David Harker, Chief Executive of Citizens Advice:
"We are pleased with the increases in Child benefit and the commitment to continue to raise the child element of Child Tax Credit above earnings, and measures to help reduce overpayments, but urgent change is still needed to help the thousands of families experiencing huge problems with the system.”
"We welcome the introduction of a 4 week run-on entitlement to Working Tax Credit for people whose hours drop below 16 as a way of reducing the number of overpayments for people who move in and out of work. However, families still find themselves struggling to repay large overpayments without receiving proper explanations of how they have arisen, and without being given notice before recovery starts.
"Thousands of families are also being threatened with court action for the recovery of overpayments about which they are still challenging or awaiting explanation, sometimes not even knowing yet the amount due.

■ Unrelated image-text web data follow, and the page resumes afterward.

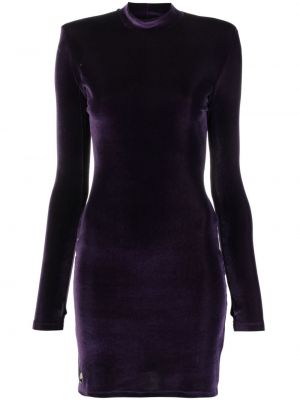 Velurové priliehavé mini šaty Philipp Plein fialová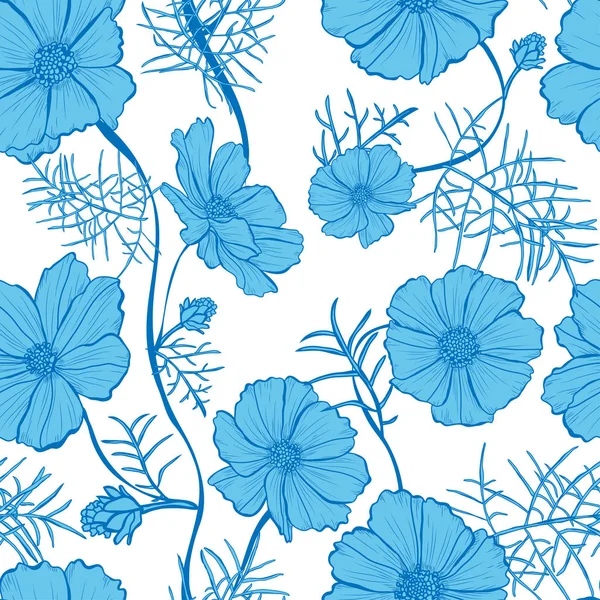 Bloemen naadloos patroon — Stockvector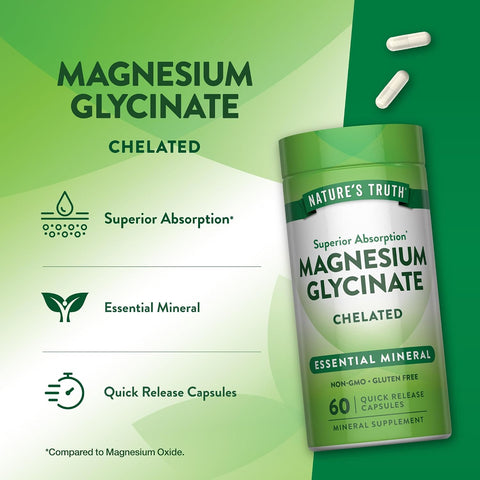 Nature's Truth Magnesium Glycinate - 60 Capsules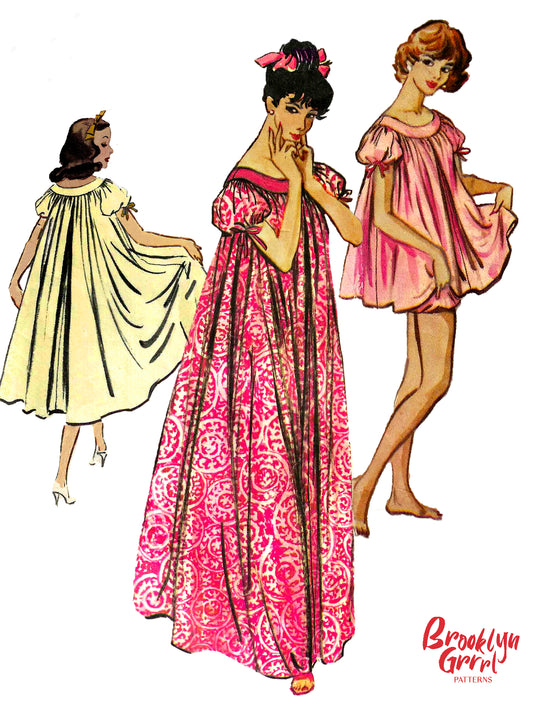 1950's Nightgown in Three Lengths / Multiple Sizes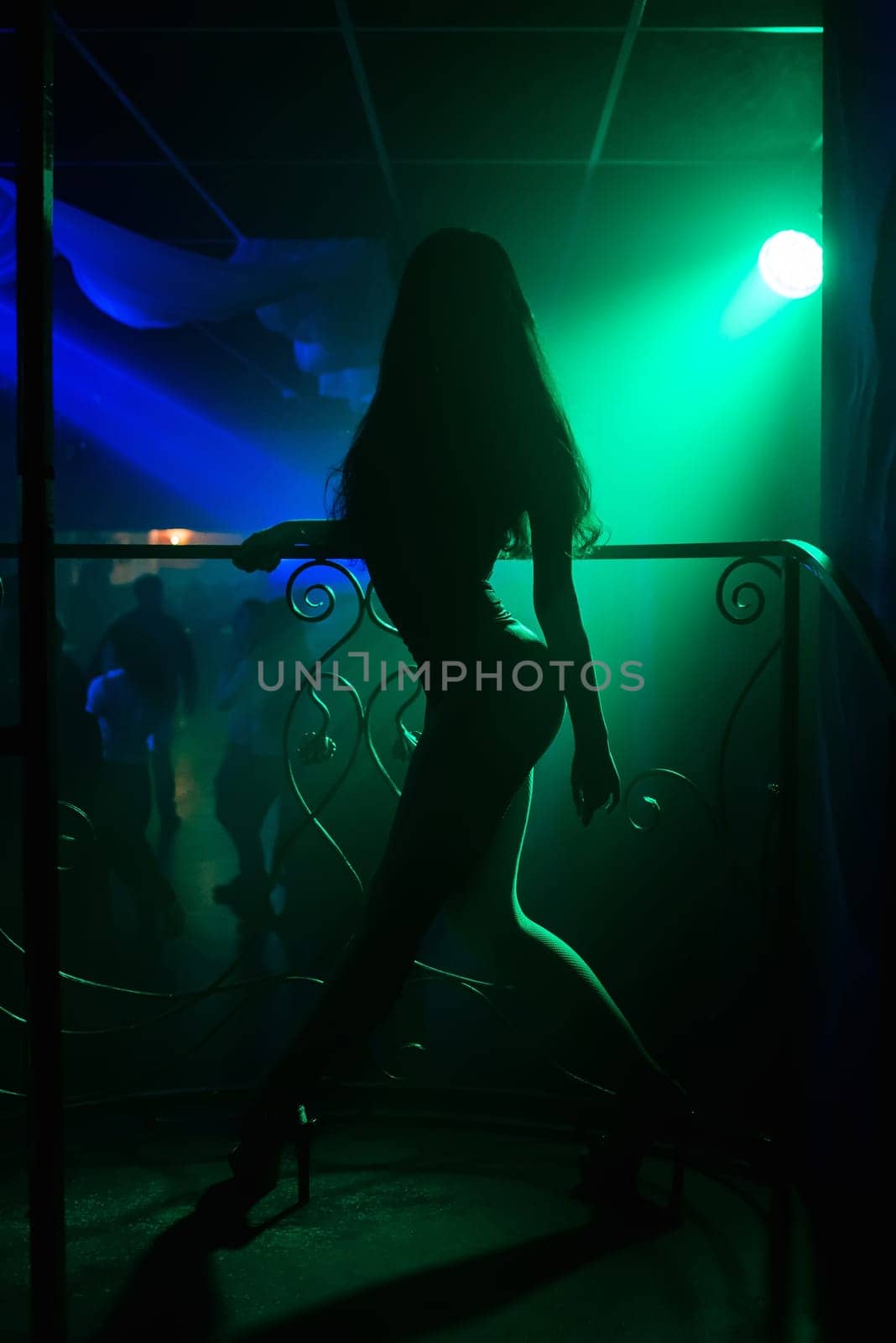young girl with a slim sexy figure posing in a nightclub in heels with long hair silhouette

"Additional money will only make a difference if there are improvements to tax credit administration, specifically the handling of overpayments. Our evidence shows that some eligible families who have had problems are now reluctant to claim what they are entitled to.”
In the last financial year (2005/2006) Citizens Advice Bureaux dealt with more than 150,000 problems relating to working and child tax credits. In addition bureaux dealt with an additional 10,000 problems relating to debt as a result of overpayments of working and child tax credits.
Case studies
In February 2007 a woman received notices warning that legal action would be taken to recover an overpayment that she had been trying to resolve for a couple of years. She had also been told that the 2004/05 overpayment would be recovered by stopping all further payments until it was all recovered. At the beginning of the 2006/07 tax year she was told that she still had an overpayment and had trying to get more details ever since. She had all the relevant paperwork but could not get any explanation of the overpayment. She found the legal warnings very distressing and was very frustrated by the fact that different sections of the Tax credit office did not hold all the same information.
A woman received a letter from HMRC advising that her £500 overpayment would not be recovered as it had arisen from an official error. She has now received a letter threatening recovery of the overpayment through court action. The tax credit helpline advised that the computer now had the overpayment down as recoverable and she would need to send them a copy of her original letter. She was very worried by the threat of court action, particularly over a matter she thought had been resolved a couple of years ago. This was made worse by the fact that the letter referred to Sheriff’s courts – and these only exist in Scotland.